Internet retailer Amazon.com last night reported its first quarterly profit outside the holiday season as free shipping incentives and a new sporting goods store helped to swell revenue 33 per cent.
The company said sales in its current quarter, the biggest of the year, could top Wall Street expectations but forecast 2004 revenue roughly in line with prevailing analyst forecasts.
Shares in Amazon, which have more than tripled this year in a rally that some analysts warn has left the company overvalued, slipped just over 2 per cent in after-hours trade.
Amazon reported a third-quarter net profit of $16 million, or 4 cents per share, compared with a loss of $35 million, or 9 cents per share, a year earlier.
Including the past two holiday quarters, this marked Amazon's third quarter of net profitability since it went public in 1997.

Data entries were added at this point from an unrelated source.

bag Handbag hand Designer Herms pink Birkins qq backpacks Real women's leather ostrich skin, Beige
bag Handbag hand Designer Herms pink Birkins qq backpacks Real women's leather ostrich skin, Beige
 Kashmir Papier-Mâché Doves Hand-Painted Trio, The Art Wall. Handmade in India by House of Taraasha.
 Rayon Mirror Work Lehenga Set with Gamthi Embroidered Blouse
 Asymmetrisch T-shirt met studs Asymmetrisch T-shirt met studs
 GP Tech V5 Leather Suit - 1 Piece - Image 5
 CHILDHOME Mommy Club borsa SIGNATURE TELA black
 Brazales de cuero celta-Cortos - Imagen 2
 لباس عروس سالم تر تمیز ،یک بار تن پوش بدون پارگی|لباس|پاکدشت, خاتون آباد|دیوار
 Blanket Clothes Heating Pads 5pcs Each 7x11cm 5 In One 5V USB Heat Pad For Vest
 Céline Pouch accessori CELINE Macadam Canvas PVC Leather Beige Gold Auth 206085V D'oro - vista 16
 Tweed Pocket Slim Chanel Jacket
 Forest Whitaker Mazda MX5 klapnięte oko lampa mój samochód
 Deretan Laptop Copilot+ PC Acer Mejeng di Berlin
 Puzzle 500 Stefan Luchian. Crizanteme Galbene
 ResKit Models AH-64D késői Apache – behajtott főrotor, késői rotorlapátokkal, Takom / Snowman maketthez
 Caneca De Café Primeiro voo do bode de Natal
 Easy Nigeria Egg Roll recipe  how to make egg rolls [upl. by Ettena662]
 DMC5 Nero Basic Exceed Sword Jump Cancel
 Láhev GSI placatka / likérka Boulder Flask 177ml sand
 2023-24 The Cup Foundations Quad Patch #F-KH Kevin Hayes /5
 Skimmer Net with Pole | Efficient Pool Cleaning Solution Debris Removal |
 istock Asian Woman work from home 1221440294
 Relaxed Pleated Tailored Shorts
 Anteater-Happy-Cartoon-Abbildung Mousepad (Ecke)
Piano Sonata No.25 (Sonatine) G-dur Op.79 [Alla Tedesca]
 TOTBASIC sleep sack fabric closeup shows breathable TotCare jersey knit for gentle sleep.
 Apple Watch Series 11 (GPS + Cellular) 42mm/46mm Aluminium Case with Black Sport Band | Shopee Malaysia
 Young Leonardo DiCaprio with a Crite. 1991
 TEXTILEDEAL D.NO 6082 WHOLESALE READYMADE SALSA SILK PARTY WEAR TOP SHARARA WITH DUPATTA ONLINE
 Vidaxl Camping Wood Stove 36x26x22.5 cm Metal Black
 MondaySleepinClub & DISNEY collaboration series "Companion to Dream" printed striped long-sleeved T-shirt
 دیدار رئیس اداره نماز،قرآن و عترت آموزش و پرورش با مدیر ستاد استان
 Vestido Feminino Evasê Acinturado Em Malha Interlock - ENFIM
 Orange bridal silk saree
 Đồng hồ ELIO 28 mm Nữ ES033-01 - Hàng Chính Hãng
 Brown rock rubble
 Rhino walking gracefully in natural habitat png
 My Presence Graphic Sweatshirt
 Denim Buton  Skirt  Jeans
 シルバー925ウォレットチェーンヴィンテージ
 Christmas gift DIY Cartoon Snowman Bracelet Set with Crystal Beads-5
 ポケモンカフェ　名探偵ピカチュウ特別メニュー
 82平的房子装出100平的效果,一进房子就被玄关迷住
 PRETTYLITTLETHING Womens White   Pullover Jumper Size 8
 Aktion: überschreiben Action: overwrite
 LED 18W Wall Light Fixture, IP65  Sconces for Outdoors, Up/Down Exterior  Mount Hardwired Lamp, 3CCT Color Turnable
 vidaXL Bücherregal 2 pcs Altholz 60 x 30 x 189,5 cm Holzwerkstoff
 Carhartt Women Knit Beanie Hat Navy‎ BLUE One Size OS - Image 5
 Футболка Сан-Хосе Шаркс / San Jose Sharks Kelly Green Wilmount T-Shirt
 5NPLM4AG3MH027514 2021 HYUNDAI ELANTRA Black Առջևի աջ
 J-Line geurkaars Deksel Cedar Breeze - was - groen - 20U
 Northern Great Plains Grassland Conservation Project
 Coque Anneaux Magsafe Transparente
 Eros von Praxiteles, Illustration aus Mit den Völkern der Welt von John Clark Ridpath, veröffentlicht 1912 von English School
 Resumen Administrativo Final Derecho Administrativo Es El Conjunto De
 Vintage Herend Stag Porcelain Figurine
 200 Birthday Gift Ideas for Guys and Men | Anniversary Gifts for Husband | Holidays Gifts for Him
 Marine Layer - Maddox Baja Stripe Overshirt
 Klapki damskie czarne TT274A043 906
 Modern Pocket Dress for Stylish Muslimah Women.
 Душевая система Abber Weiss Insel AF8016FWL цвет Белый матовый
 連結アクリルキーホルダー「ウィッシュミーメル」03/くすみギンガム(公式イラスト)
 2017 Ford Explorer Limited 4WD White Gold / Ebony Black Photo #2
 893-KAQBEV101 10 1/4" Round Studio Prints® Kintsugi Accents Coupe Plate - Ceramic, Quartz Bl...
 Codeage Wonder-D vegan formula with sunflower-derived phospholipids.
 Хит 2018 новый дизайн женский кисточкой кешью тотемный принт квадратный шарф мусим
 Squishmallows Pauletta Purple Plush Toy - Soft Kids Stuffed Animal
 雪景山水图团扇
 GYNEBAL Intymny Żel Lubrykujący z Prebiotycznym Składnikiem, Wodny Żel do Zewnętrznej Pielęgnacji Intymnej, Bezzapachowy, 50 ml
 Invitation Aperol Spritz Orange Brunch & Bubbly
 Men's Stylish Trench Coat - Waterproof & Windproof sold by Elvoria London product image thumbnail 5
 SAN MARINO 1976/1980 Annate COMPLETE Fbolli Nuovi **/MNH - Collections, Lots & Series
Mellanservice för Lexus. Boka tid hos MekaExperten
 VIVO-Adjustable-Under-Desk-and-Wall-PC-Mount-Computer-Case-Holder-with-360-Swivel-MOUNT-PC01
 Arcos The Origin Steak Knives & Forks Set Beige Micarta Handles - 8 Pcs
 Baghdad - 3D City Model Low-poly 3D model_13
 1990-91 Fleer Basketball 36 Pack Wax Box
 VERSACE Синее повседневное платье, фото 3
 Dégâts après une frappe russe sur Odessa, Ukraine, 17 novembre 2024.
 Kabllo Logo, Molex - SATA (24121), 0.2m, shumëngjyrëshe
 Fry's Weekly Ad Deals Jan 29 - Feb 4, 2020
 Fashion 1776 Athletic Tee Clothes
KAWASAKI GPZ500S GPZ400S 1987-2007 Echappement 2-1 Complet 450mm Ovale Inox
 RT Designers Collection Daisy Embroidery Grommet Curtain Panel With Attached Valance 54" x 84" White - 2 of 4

"Our strategy of lowering prices is benefiting customers and our business performance," Amazon's chief financial officer Mr Tom Szkutak told reporters.
Cheered by growing revenues at the Seattle-based web retailer, investors sent Amazon's stock price soaring since July last year, despite analysts' warnings that the stock is becoming overvalued.
Excluding stock-based compensation, amortization and other charges, Amazon said it earned a profit of $48 million, or 11 cents per share in the latest period.
Amazon shares slipped 2 percent to $57.91 in after-hours trade, compared with their Nasdaq close of $59.35, as investors turned their attention toward the web retailer's forecasts.
Third-quarter revenue rose to $1.1 billion from $851 million a year earlier. So far this year, Amazon has posted more than $1 billion in revenue every quarter, another first for the company.
For the fourth quarter, which is Amazon's most important because of the holiday and year-end buying season, the company is expecting revenue of $1.76 billion to $1.91 billion.